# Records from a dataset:
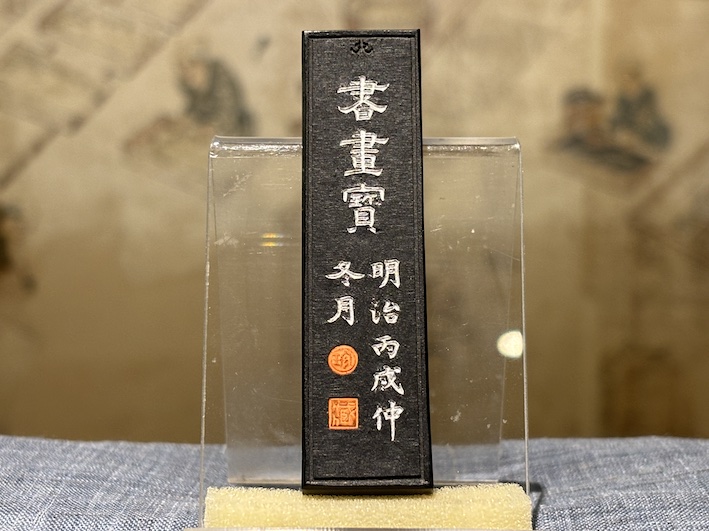 丁寧な煤造りから生まれる、最高級油煙墨　「漆墨　書画宝」のご紹介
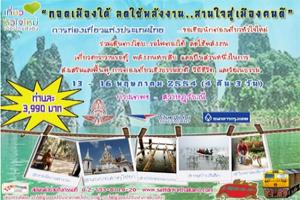 กอดเมืองไทย-สานใจเที่ยวช่วยใต้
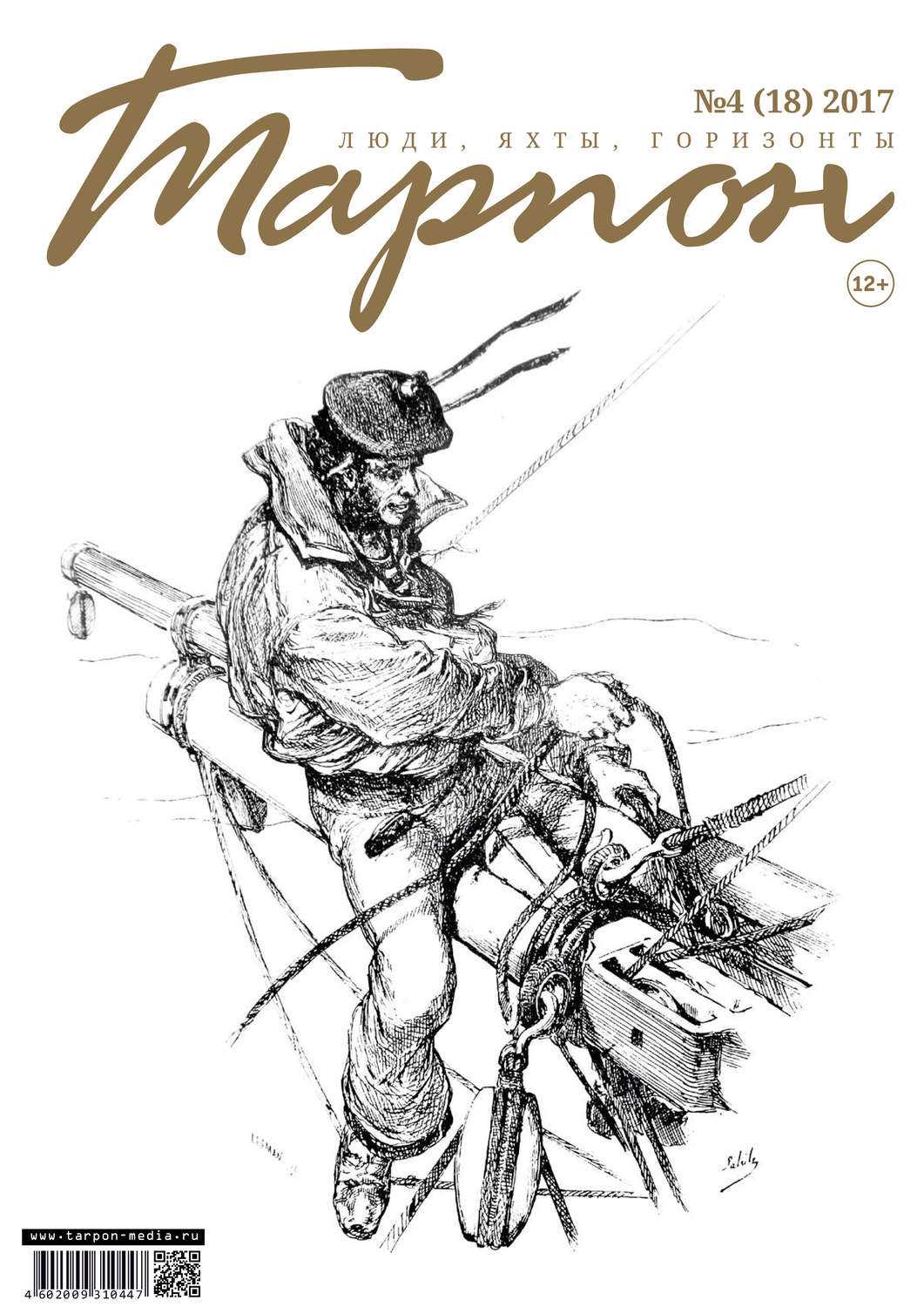 Обложка книги «Журнал «Тарпон» №04/2017»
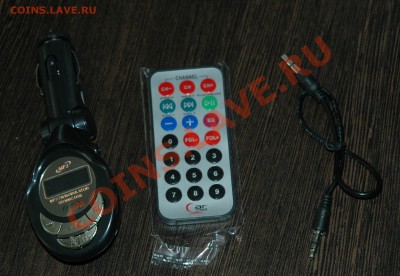 FM-трансмиттер с поддержкой MP3 до 13,06 до 22.22 по МСК - DSC_0002.JPG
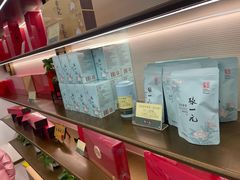 -张一元(总店)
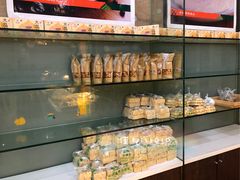 迎春糕-清真全盛斋传统糕点(许士庙店)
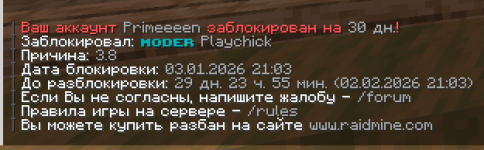 Снимок экрана 2026-01-03 230855.png Снимок экрана 2026-01-03 230855.png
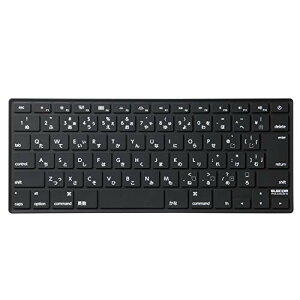 エレコム macbook Pro 13 15 macbook Air 13 キーボードカバー シリコンタイプ JIS配列 日本製 ブラック PK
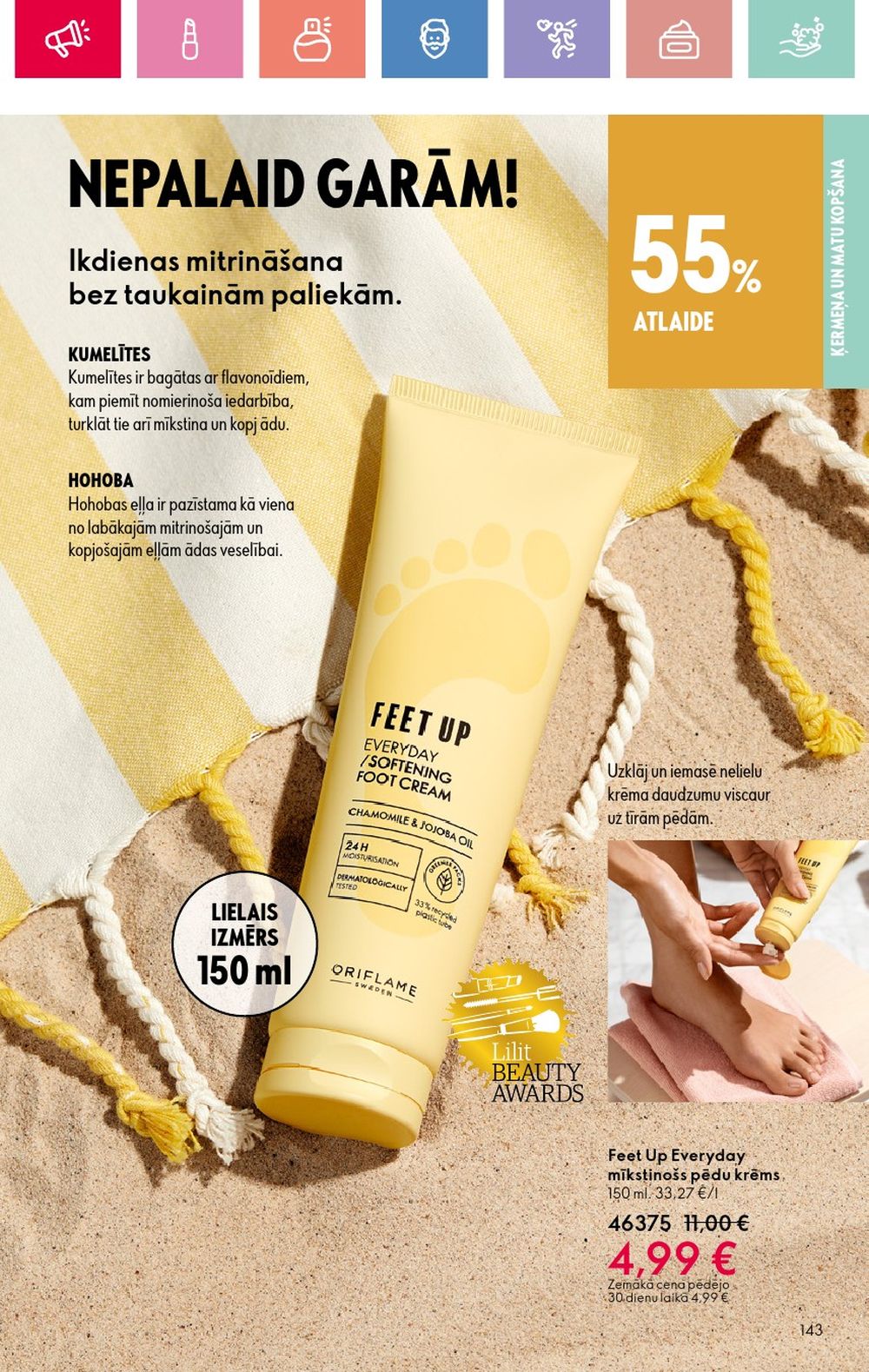oriflame - ORIFLAME - Katalogs 11 (03.08.2025 - 23.08.2025) - page: 143 oriflame - ORIFLAME - Katalogs 11 (03.08.2025 - 23.08.2025) - page: 143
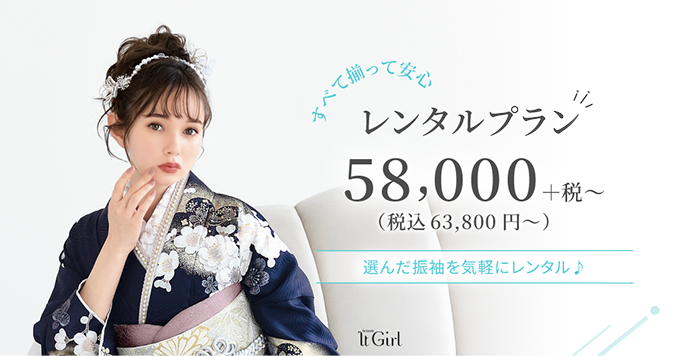 全て揃って安心 レンタルプラン 58,000円＋税 （税込 63,800円〜）〜 選んだ振袖を気軽にレンタル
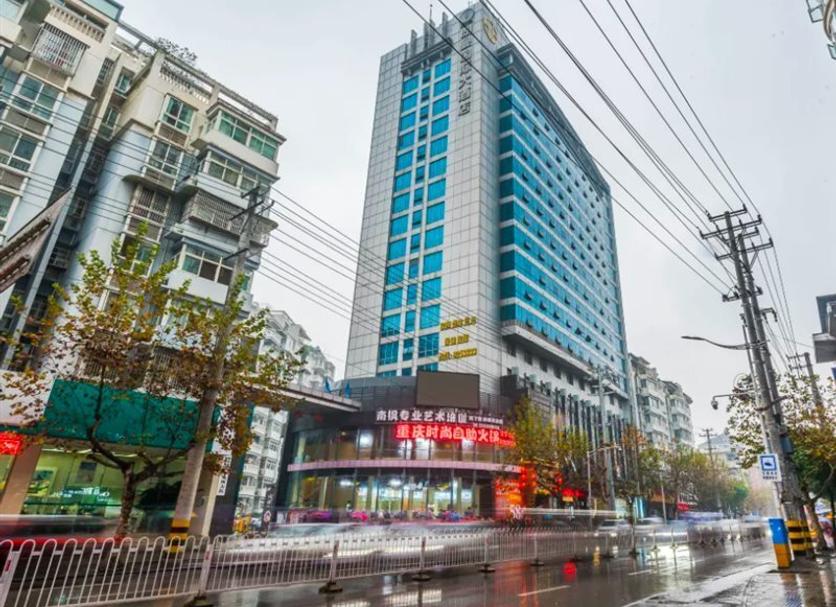 Edificio Foto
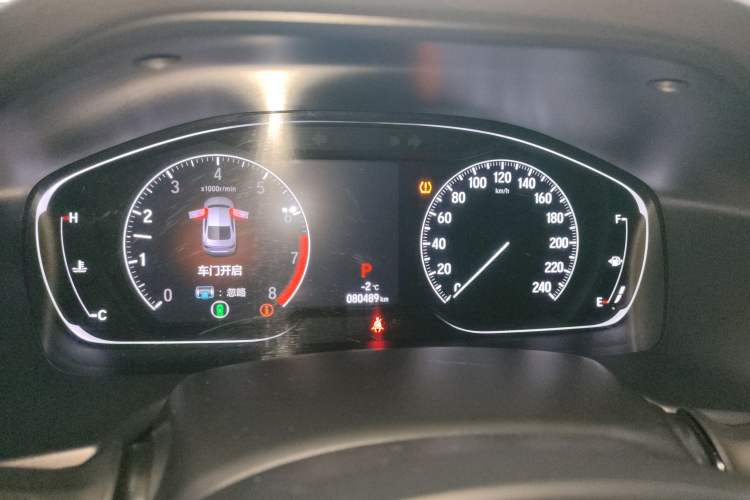 Used Honda Accord 2018 260TURBO Luxury Edition China VI
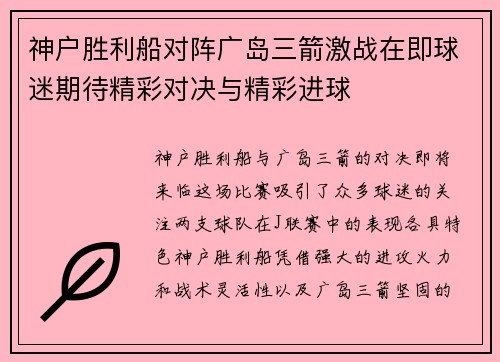 神户胜利船对阵广岛三箭激战在即球迷期待精彩对决与精彩进球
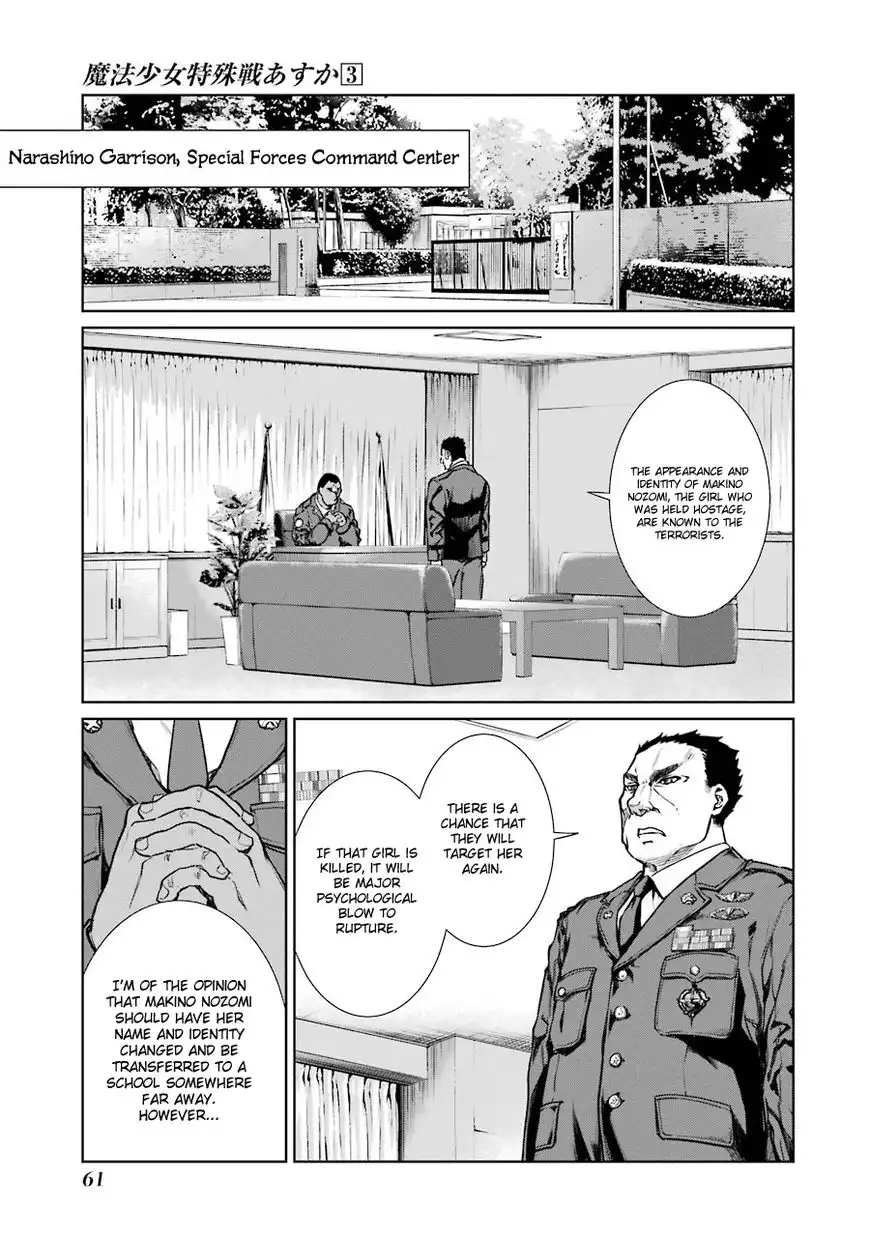 Mahou Shoujo Tokushuusen Asuka Chapter 10 29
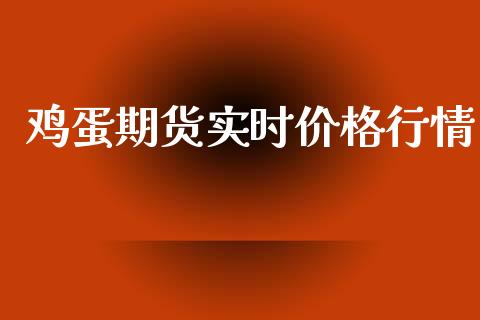 鸡蛋期货实时价格行情_https://www.kuaijiepai.net_期货在线_第1张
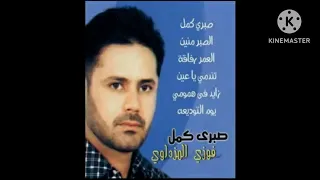 فوزي المزداوي صبري كمل الوجه الاول 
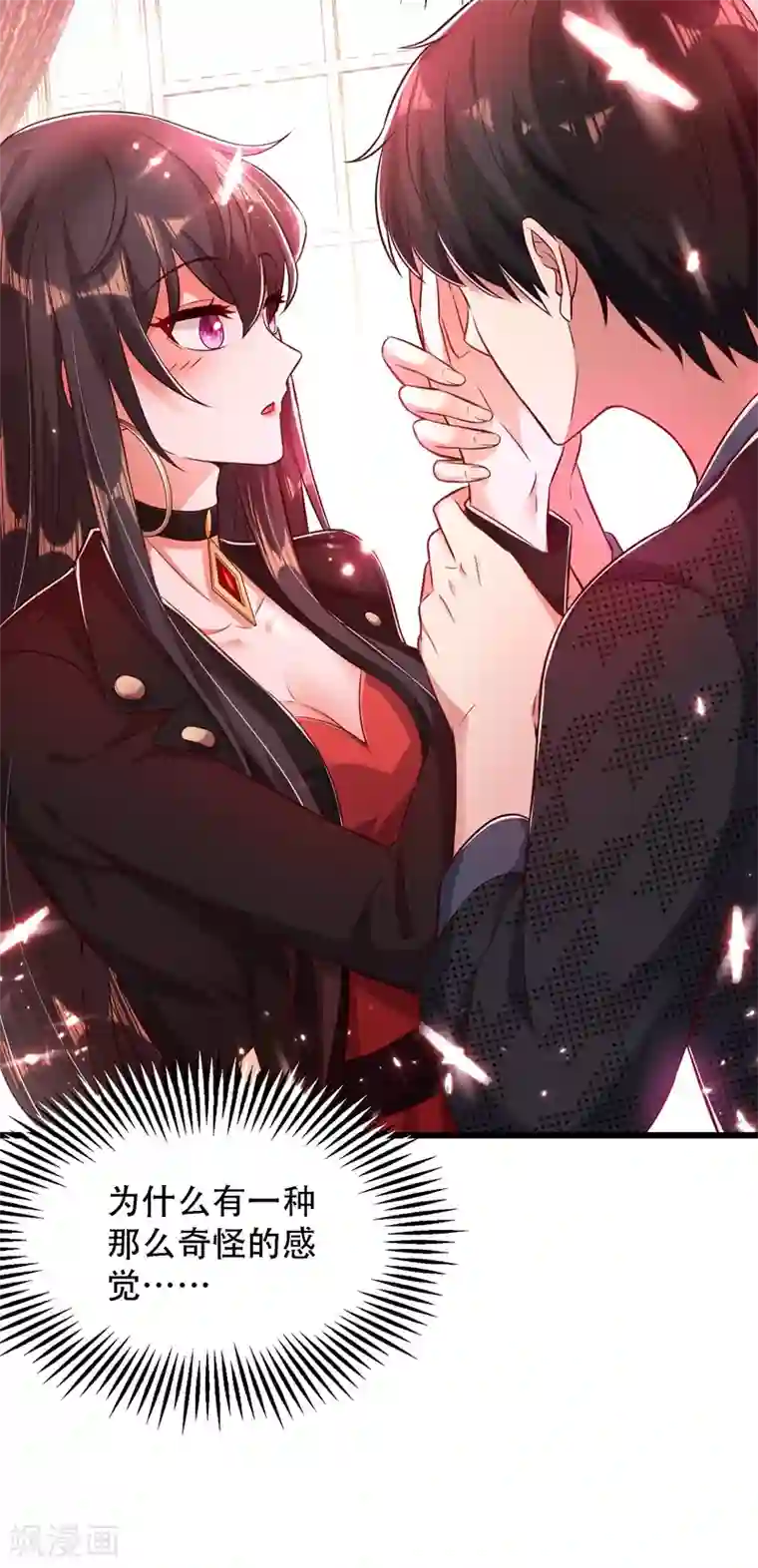 重生空间：豪门辣妻不好惹第70话 我会对你负责的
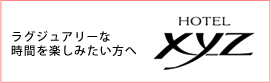 鹿児島 ラブホテル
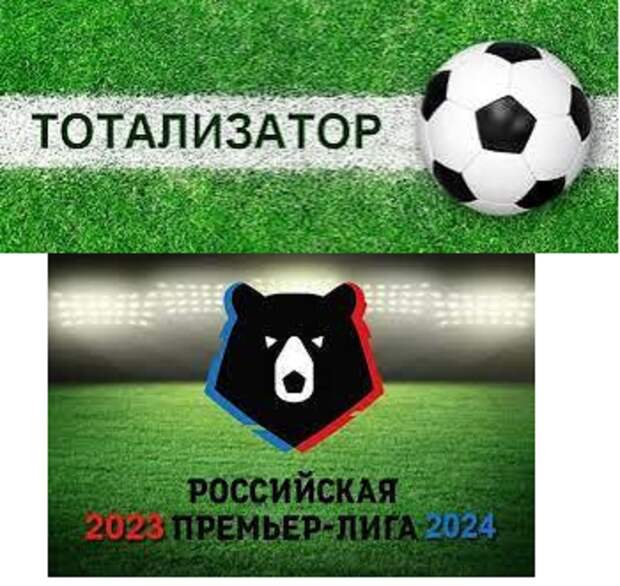 ТОТО. РПЛ-2023/24 гг. Прогноз на 27 тур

# What the exercise asks:
Print the lines from the line with "神户胜利船对阵广岛三箭激战在即球迷期待精彩对决与精彩进球" to the end of the data above. Include both ends, exclude the pictures, and add nothing else.

# Exercise output:
 神户胜利船对阵广岛三箭激战在即球迷期待精彩对决与精彩进球
 Mahou Shoujo Tokushuusen Asuka Chapter 10 29
 鸡蛋期货实时价格行情_https://www.kuaijiepai.net_期货在线_第1张
 فوزي المزداوي صبري كمل الوجه الاول 
 重生空间：豪门辣妻不好惹第70话 我会对你负责的
 鹿児島 ラブホテル
 ТОТО. РПЛ-2023/24 гг. Прогноз на 27 тур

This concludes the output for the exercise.